Одни считают христианство порождением Запада, духом западной культуры, другие указывают, что оно родилось на Востоке и несет на себе его печать. Но христианство – и то и другое, не потому, что есть "восточное" и "западное" христианство, а потому что такова природа Целого. И буддизм ость северный (махаяна) и южный (хинаяна) (кстати, не случайно, видимо, учения соотносятся крест-накрест: запад-восток и север-юг), и дробиться это западно-восточное отношение может до бесконечности. Скажем, ответвления махаяны – северный и южный буддизм чань (япон. дзэн) в Китае. В каждой школе и даже в каждом адепте (если он, конечно, не догматик) есть то и другое. Таково уж свойстве Дао-Пути: "Одно инь, одно ян и есть путь" ("Сицычжуань", 1, 17) [47].

Можно сопоставлять как большие регионы, культурные материки, так и малые, принцип будет тот же. Если это Закон Целого, то он всеобщ, универсален, приложим к любому случаю. Положим, греко-христианский Запад можно противопоставить буддийскому Востоку, но и внутри греко-христианской цивилизации есть греческая наука и есть христианская религия, есть и то, что позволяет объединять их вместе. Равным образом поздний эллинизм отличается от раннего, скажем, в понимании прекрасного. Для греко-восточного космополитизма характерен универсализм, прекрасное воплощает всеобщее, вечные законы бытия. В эллинизме римском преобладает индивидуальное начало – каждая вещь располагает своей мерой прекрасного. Если одни ставят акцент на всеобщем, едином, то другие – на индивидуальном, единичном.

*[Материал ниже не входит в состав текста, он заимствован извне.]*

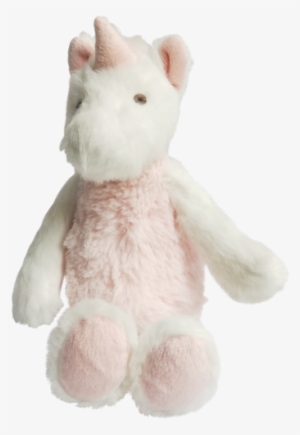 Soft Pink Unicorn 25cm - Stuffed Toy
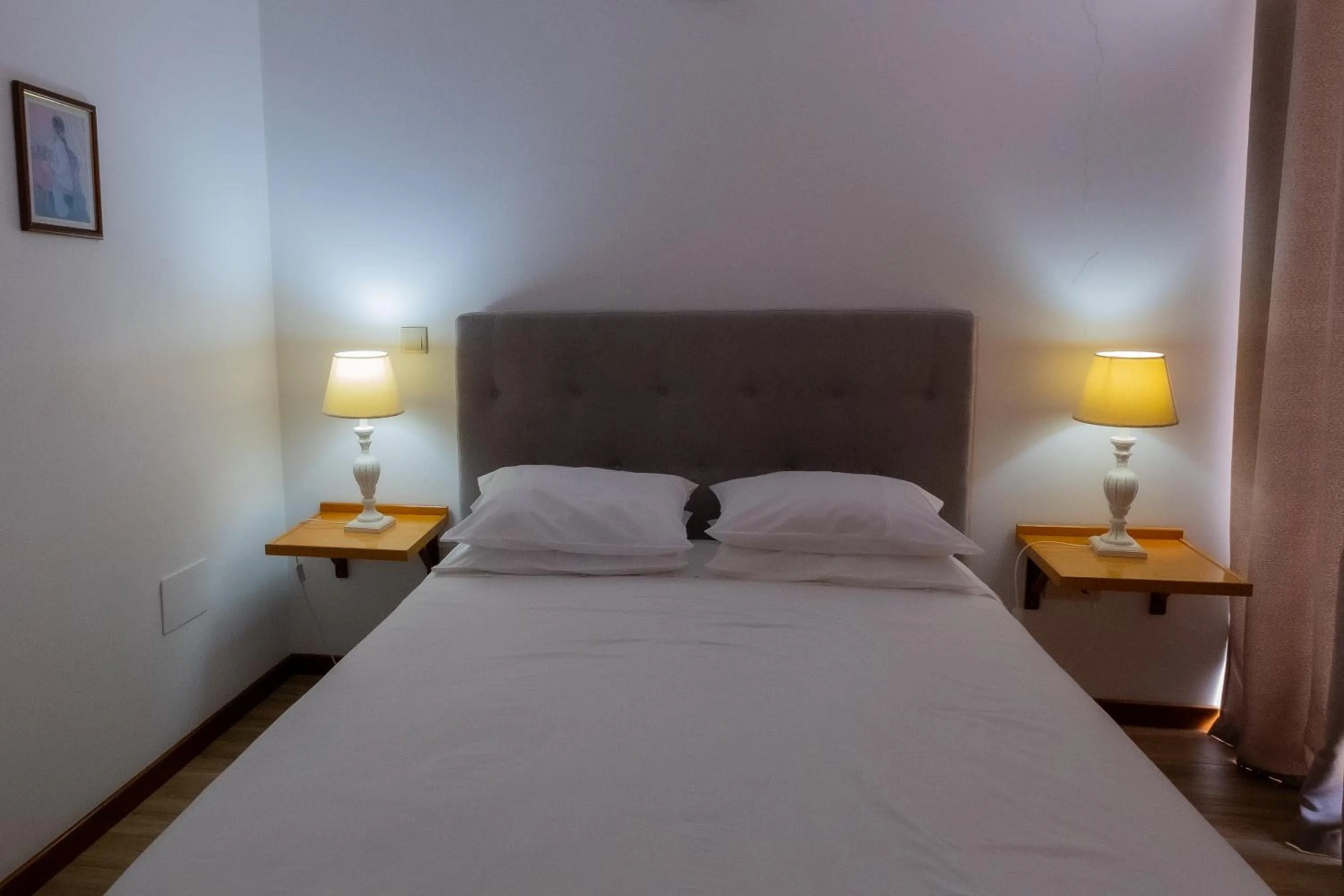 Bedroom, Bed in Residencial Familia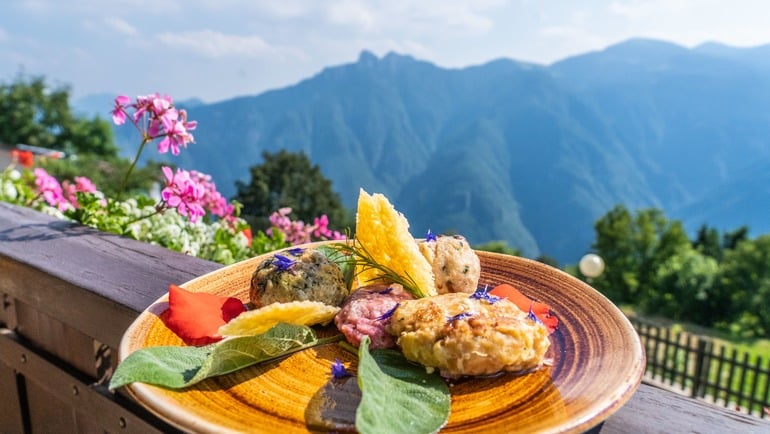 Alpe Cimbra: A Journey Through the Authentic Flavors of Trentino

Так, собственно, и двигалась мысль, переходя от одной крайности к другой, от утверждения всеобщности единства, непрерывности к утверждению всеобщности прерывности, атомизма [48]. И этот колебательный режим продолжался до тех пор, пока наука, в лице Н. Бора, не доказала принципиальную непротиворечивость прерывности и непрерывности, последовательности и одновременности, признав закон дополнительности (корпускула и волна – единые свойства света). Это открытие способствовало смене парадигмы научного мышления, переходу от принципа "исключенного третьего", доведенного до крайности – "или то, или это", "третьего не дано", к целостному мышлению – "и то, и то", в соответствии с законом самой природы. Процесс сближения двух типов мышления признавали и Н. Бор, и В. Н. Вернадский, но лишь в последнее время; этот факт становится достоянием науки, опять же благодаря усилиям не столько востоковедов, сколько, в частности, физиков, с большой пользой для дела прибегающих в своих научных изысканиях к восточной методологии (в качестве примера могу привести имя такого ученого, как С. П. Курдюмов).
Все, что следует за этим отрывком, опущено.